For a while, I've been saying the best potential pro player on this team is Zach LaVine. First scouts started talking him up and he has shown flashes justifying that hype. But now over at ESPN where they are following the top five best freshmen college players, a sixth name has been added, Zach LaVine.
So ... 6-foot-3 UCLA tweener with insane athleticism who shows flashes of brilliance and might leave for the NBA without ever really maxing out on any of it? LaVine could go in the top five solely on the strength of GMs being terrified of passing on the next Russell Westbrook.
As far as that inevitable comparison ... he's not as powerful (or psychotic) as Westbrook, but he's also a better shooter than Russ ever was in college, and he's probably just as athletic. We know this because for various stretches of every UCLA game, LaVine will come off the bench and look like the best player on the floor. It doesn't last very long, but it's long enough to force you to do a double take.
LaVine just had his best defensive game but the comparisons to Westbrook are way off for two reasons. Westbrook was off the charts as a defender and LaVine has had one decent game on defense. On the other hand, Westbrook never scored more than 11 in a game his Freshman year while LaVine scored 15 the other night against a good defensive ASU team in under 10 minutes in the first half.
Of course, Westbrook only started one game for Ben Howland his freshman year and only played over 20 minutes twice so even those comparisons aren't fair.
But what's more important is Zach in the context of the current team. While there can be no doubt this is Kyle Anderson's team and Kyle is the MVP; if the team is to maximize its potential LaVine will be the key.

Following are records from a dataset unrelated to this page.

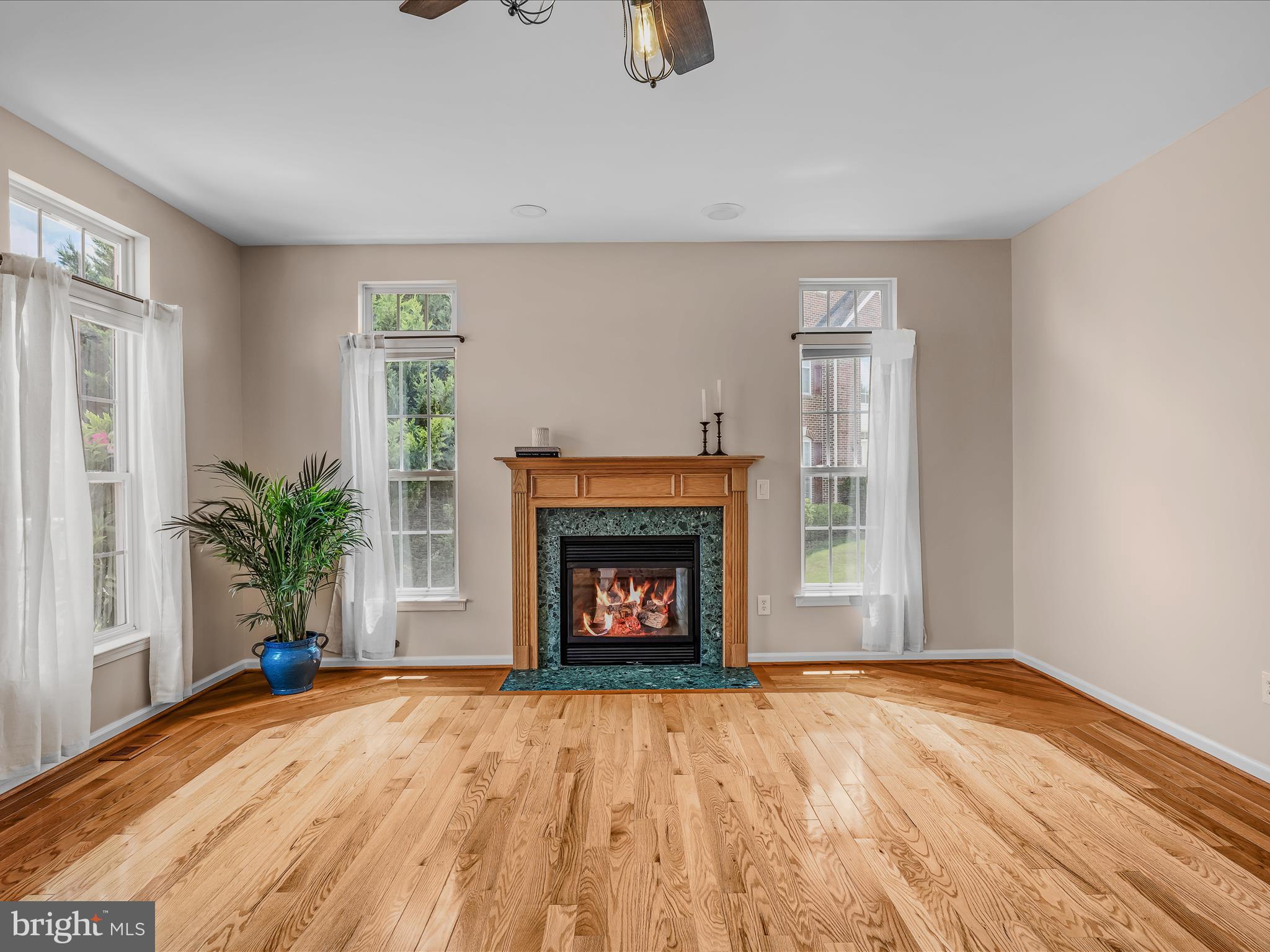 LOCUST HILL - Residential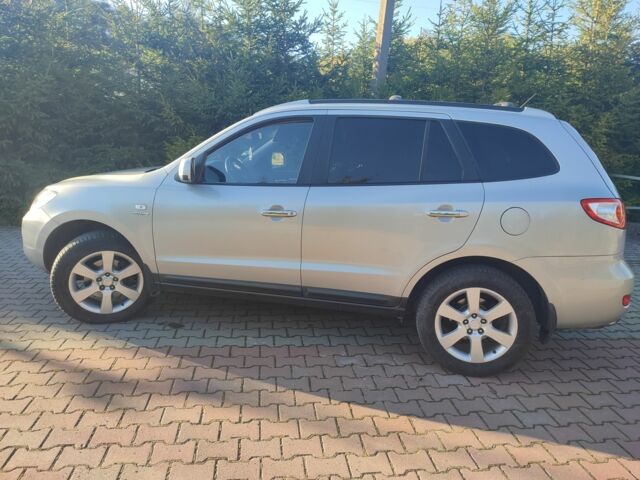 Серый Хендай Санта Фе, объемом двигателя 2.2 л и пробегом 264 тыс. км за 9800 $, фото 9 на Automoto.ua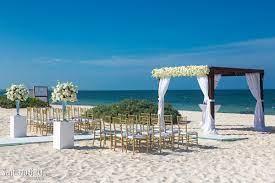 The Wedding Website of Jacquelyn Barnett and Andrew Higginson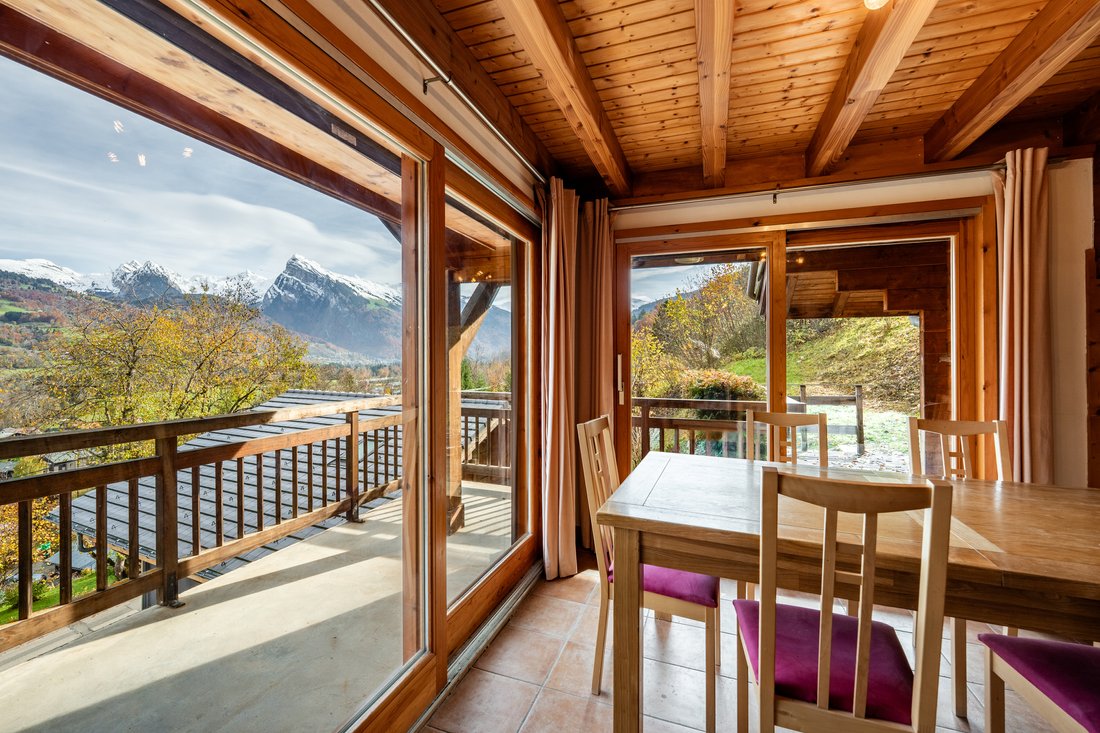 Chalet in Morillon, Auvergne-Rhône-Alpes, France 1 - 16648704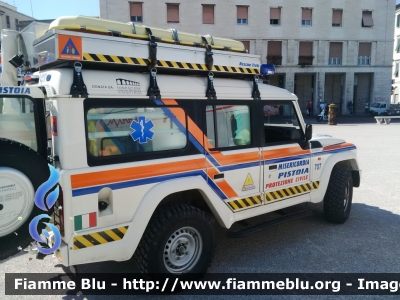 Iveco Massif
Misericordia di Pistoia
U.O. Protezione Civile
Automezzo recupero persone WK10
Allestita Mariani Fratelli
Parole chiave: Iveco Massif Liburnia_2014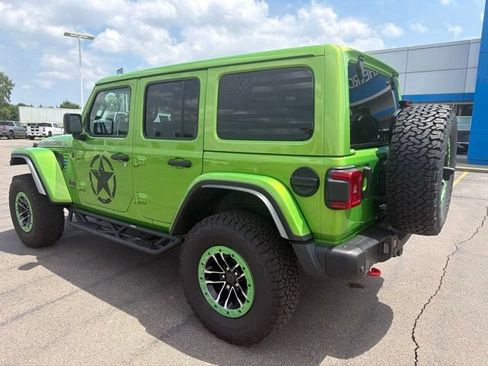 Used 2025 Jeep Wrangler Unlimited Rubicon AWD/4WD image 8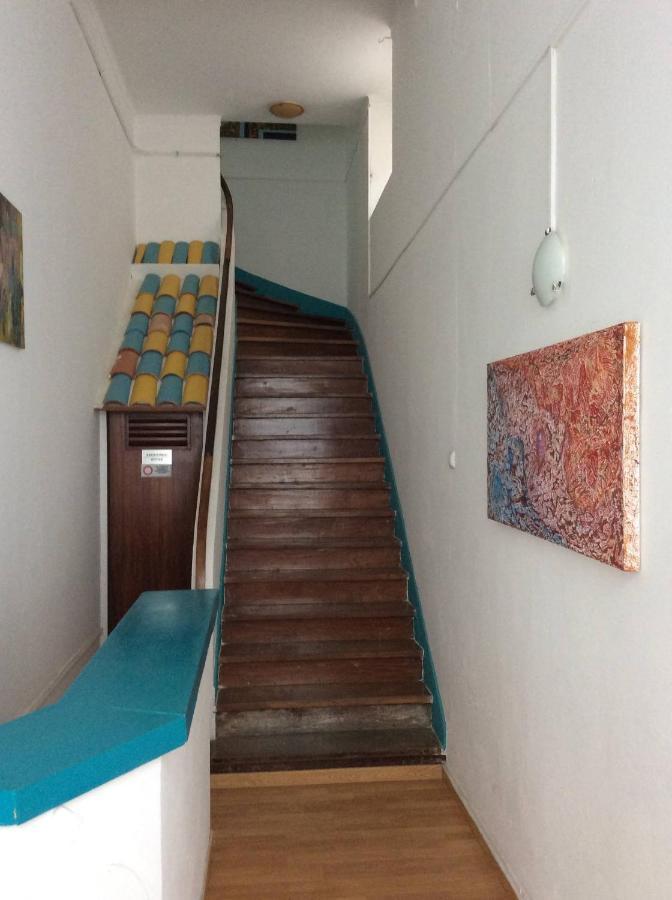 Iguana Guesthouse ลากอส ภายนอก รูปภาพ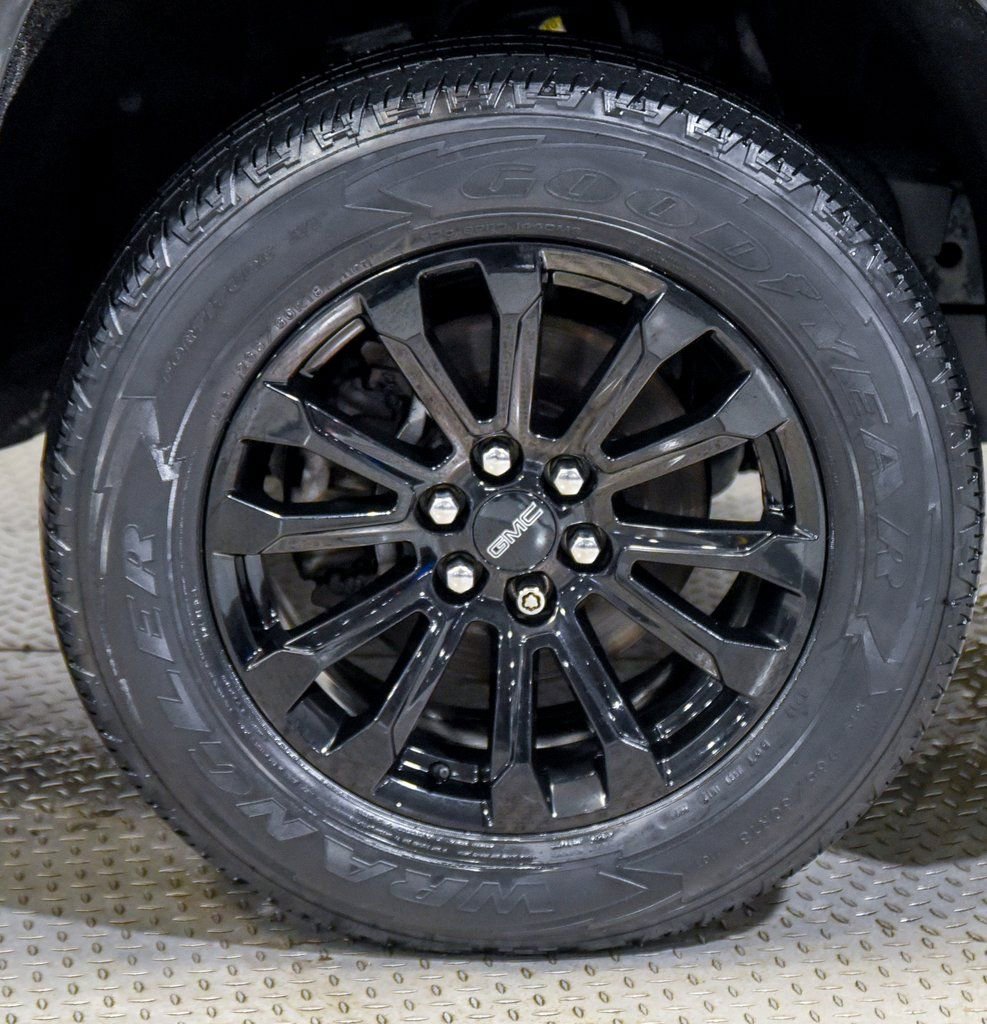 Used 2021 GMC Canyon Elevation image 13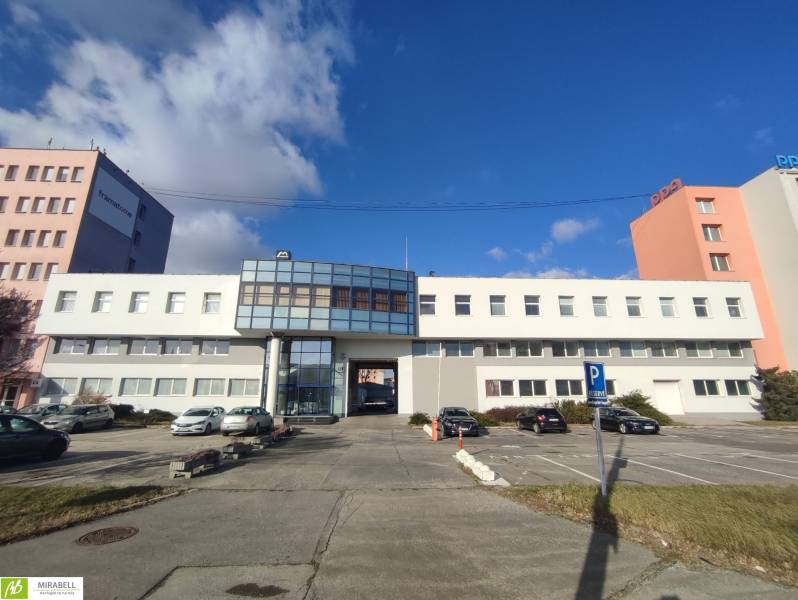 Kanceláře na Vajnorské ulici, Bratislava - Nové Mesto, s parkovací plochou a auty.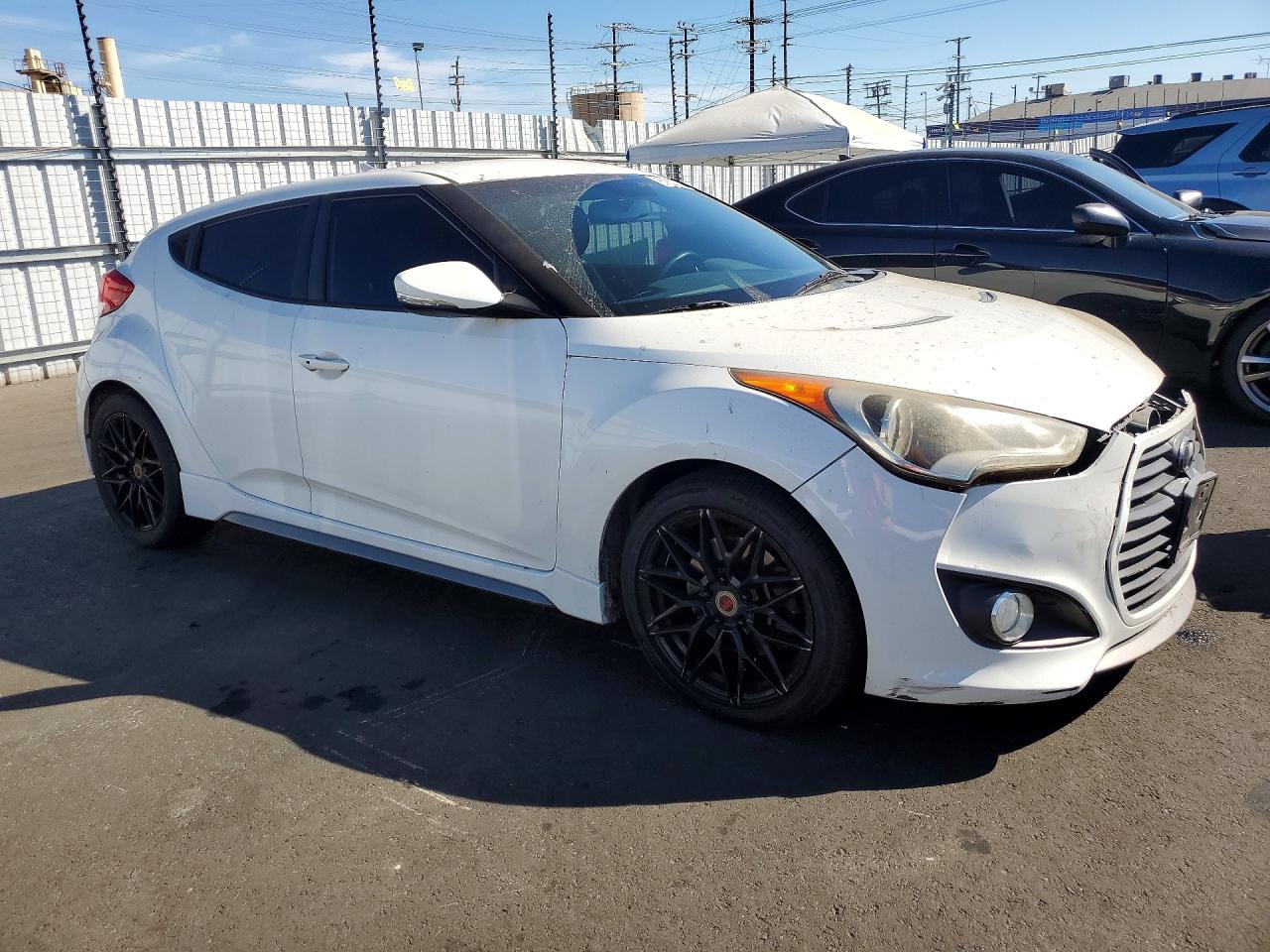 2015 Hyundai Veloster Turbo White vin: KMHTC6AE6FU216904
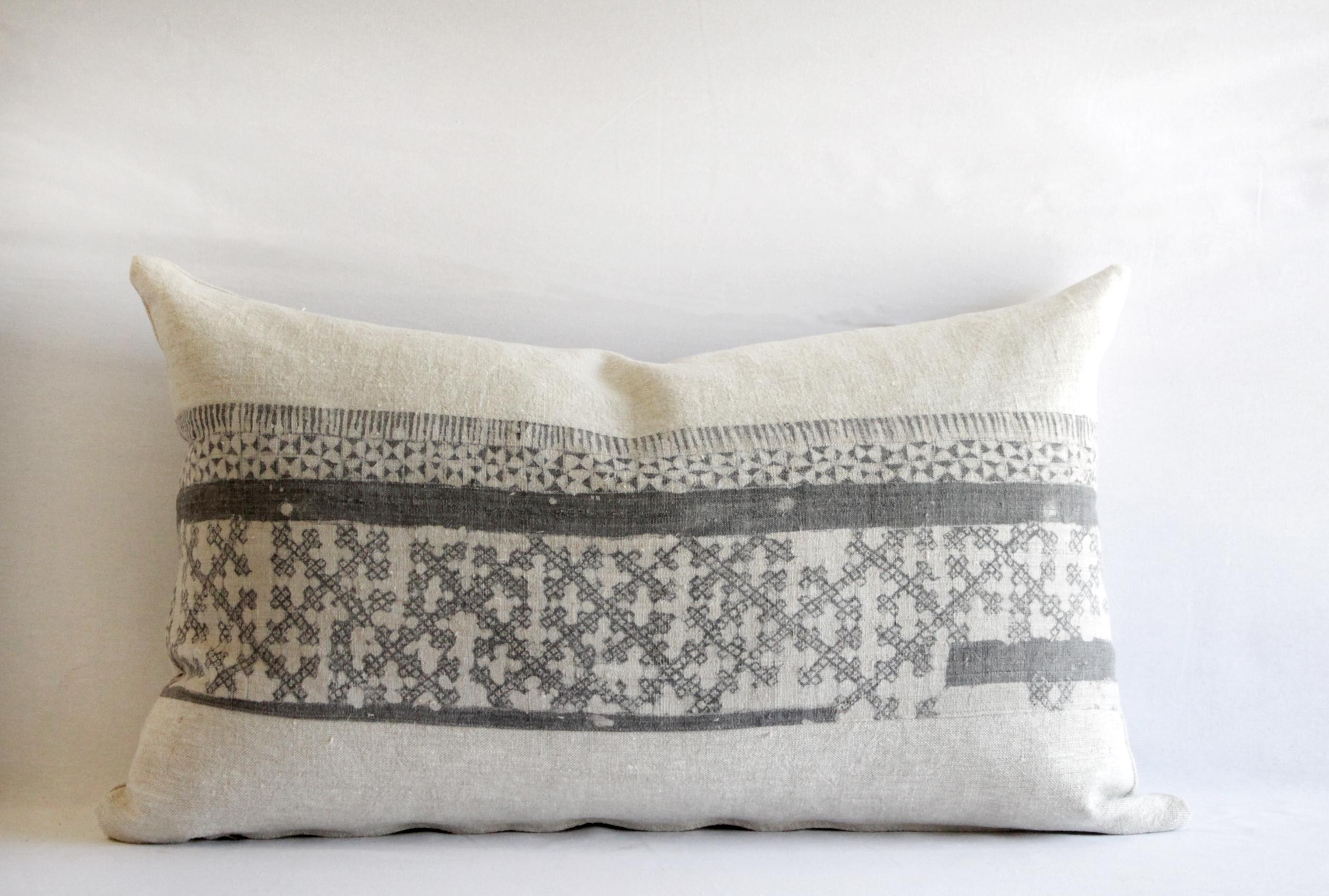 Vintage Batik and Linen Custom Lumbar Pillows In Good Condition In Brea, CA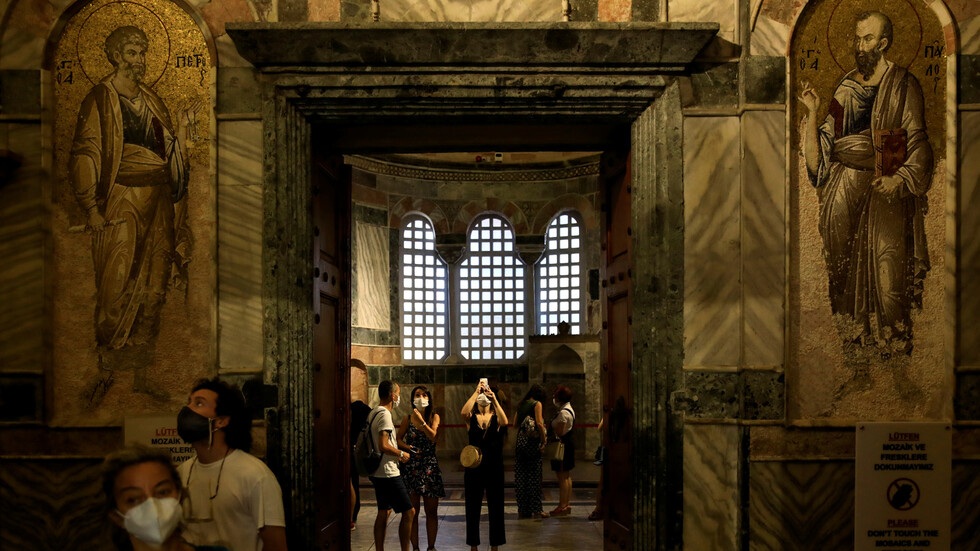 بعد تحويله إلى مسجد.. آيا صوفيا يستقبل 1.5 مليون زائر منذ يوليو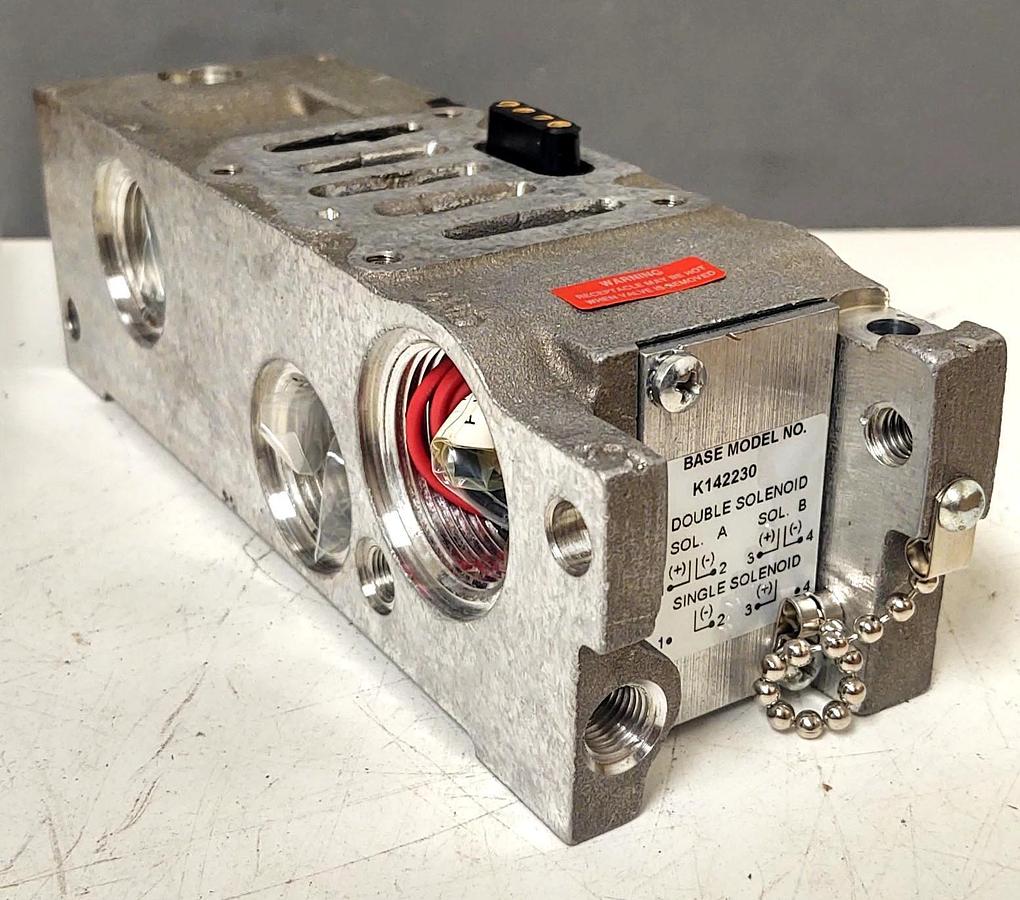 🔥NEW - Parker K142230 Schrader Bellows Manifold Base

While Kyle is a freak of nature that is impossible for opposing teams even to figure out; with his hops, jab step pull up jumper, range, and speed LaVine is the player who may be the most unstoppable on offense.
I also wonder how much better LaVine makes everyone else look. I like to call it the Malcolm Lee Rule. Years ago when a bad UCLA team was forced to play zone I was arguing who the better up top defender in the zone was between two players. The answer was simple, whoever was paired with Lee. Lee was so good that he made the defense on both sides of the zone up top better by just being on the floor.
In this case, I wonder how much Bryce Alford and Tony Parker benefit from being paired with Zach LaVine in the substitution pattern. You not only have to extend the defense out on Zach who is deadly from three but you also have to protect the basket in case of one of those demoralizing to the opposition spectacular dunks that Zach can do. This makes life easier for Bryce to float around the outside and Tony to grab the offensive boards. Tony's good streak started in part when he came off the bench with Zach.
There have been endless debates here on the substitution pattern which seems like Alford is way too rigid. While I agree with Nestor that Powell does not play enough, Bruinette questioning Bryce's getting so many minutes, etc. Maybe the biggest thing that Steve Alford can do to get this team to maximize its potential is start and play its potentially best player 30 minutes a game:
He's the best shooter of any of these freshmen, he's quick, and his (bouncy) athleticism will help him finish at the rim AND get his shot off against anyone in the NBA. All of which is to say, maybe we have Zach LaVine too low here.
When you think of the Freshmen out there this year, that is high praise indeed. Yet, he is playing the least and the only one not starting. Maybe this road trip is time for that to change.